### Goal of the exercise
Below are the records; copy exactly the stretch from the line containing "Tevita Pangai charged" through the line containing "Stalgast GmbH Schöpfkelle, runder", both ends included, and nothing else.

Extracted records
***
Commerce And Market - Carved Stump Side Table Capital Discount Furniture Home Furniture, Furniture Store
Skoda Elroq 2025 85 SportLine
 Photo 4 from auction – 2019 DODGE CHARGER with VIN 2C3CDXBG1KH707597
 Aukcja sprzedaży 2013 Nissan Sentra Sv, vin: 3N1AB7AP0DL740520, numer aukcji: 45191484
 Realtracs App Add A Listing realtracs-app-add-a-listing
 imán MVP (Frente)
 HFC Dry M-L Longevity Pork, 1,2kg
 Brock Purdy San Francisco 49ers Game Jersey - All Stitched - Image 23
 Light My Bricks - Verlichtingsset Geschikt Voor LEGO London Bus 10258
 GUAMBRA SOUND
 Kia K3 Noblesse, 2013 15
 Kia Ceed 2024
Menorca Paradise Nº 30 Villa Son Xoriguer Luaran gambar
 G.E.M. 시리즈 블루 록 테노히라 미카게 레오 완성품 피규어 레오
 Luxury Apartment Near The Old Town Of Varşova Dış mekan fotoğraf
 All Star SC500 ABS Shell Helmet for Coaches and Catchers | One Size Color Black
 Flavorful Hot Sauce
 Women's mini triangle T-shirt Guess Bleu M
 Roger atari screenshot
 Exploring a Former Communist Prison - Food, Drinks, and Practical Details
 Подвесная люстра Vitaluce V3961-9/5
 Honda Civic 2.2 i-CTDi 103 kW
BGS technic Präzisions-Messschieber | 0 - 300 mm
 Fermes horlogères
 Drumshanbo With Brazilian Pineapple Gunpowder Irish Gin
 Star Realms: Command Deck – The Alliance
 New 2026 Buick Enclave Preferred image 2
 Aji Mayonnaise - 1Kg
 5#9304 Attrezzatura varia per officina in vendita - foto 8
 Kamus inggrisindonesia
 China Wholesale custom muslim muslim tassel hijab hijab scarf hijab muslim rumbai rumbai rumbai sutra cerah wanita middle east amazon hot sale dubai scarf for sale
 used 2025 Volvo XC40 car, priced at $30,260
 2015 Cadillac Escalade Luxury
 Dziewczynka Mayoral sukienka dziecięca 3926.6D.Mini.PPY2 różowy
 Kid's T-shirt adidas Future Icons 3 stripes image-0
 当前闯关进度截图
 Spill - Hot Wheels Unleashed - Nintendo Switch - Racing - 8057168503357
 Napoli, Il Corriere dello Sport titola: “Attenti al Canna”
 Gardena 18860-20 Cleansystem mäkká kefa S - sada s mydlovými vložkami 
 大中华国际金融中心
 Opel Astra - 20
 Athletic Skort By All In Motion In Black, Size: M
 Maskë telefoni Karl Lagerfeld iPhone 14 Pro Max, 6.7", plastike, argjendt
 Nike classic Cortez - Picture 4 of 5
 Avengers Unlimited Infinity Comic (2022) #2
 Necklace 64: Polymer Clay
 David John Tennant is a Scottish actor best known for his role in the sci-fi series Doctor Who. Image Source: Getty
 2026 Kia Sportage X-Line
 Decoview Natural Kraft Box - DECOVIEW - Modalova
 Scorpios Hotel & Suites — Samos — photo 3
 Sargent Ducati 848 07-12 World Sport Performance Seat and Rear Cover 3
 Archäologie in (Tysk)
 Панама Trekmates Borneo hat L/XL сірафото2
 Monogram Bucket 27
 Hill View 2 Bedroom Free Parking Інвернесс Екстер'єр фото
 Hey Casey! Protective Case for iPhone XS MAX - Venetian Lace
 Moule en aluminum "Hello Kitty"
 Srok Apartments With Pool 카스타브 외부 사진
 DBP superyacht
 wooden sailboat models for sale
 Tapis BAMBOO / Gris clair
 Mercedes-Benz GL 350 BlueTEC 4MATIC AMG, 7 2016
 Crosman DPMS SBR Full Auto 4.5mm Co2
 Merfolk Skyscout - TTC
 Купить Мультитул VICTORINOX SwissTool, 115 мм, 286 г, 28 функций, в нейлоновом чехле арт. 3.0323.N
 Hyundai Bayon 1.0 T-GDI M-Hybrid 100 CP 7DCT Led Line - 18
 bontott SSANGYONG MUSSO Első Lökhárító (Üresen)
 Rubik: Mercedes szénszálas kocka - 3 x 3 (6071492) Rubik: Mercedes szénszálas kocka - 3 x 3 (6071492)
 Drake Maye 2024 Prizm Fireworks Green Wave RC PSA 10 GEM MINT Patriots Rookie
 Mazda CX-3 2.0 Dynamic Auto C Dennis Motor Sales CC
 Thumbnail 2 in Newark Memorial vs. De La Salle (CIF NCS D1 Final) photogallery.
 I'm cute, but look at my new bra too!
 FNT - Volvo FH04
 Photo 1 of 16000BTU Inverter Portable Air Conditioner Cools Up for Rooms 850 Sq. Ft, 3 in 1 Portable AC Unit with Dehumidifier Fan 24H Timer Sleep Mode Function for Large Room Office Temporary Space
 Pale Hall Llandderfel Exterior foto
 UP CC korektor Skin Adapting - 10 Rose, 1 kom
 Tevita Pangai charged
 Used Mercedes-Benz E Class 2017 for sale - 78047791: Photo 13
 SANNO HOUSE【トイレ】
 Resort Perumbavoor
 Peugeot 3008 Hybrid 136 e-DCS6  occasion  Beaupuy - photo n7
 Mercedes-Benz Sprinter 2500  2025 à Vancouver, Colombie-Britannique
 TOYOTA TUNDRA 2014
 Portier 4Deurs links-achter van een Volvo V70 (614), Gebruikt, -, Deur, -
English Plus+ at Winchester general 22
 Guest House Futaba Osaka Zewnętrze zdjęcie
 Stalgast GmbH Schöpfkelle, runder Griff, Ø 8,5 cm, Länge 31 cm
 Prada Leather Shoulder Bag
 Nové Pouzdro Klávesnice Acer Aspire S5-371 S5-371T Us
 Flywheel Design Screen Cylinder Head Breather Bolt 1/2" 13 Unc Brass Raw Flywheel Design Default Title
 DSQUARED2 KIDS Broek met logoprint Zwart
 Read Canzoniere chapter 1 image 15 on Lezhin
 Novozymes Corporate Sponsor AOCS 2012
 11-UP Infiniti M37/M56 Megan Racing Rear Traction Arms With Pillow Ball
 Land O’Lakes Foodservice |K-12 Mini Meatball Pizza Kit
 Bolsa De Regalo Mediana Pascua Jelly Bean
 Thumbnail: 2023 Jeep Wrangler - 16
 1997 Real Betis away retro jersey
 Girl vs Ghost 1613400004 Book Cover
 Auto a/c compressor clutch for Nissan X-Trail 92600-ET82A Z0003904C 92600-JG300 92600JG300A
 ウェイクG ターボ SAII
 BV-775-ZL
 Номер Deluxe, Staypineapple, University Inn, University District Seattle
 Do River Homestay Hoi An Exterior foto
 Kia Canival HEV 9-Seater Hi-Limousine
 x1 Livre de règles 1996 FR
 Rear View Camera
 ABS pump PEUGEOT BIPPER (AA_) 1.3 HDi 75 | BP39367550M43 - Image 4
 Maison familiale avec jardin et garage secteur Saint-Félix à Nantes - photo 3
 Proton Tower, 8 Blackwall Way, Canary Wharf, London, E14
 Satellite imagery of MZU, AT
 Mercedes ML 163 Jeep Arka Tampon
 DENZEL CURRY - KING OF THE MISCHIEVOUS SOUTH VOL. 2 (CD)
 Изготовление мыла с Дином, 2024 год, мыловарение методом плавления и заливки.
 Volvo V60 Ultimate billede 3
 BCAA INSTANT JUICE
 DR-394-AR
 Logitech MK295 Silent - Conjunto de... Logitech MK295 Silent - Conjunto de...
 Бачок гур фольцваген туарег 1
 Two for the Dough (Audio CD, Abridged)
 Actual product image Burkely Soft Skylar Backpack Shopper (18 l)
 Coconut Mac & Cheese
***
### Problem solution
 Tevita Pangai charged
 Used Mercedes-Benz E Class 2017 for sale - 78047791: Photo 13
 SANNO HOUSE【トイレ】
 Resort Perumbavoor
 Peugeot 3008 Hybrid 136 e-DCS6  occasion  Beaupuy - photo n7
 Mercedes-Benz Sprinter 2500  2025 à Vancouver, Colombie-Britannique
 TOYOTA TUNDRA 2014
 Portier 4Deurs links-achter van een Volvo V70 (614), Gebruikt, -, Deur, -
English Plus+ at Winchester general 22
 Guest House Futaba Osaka Zewnętrze zdjęcie
 Stalgast GmbH Schöpfkelle, runder Griff, Ø 8,5 cm, Länge 31 cm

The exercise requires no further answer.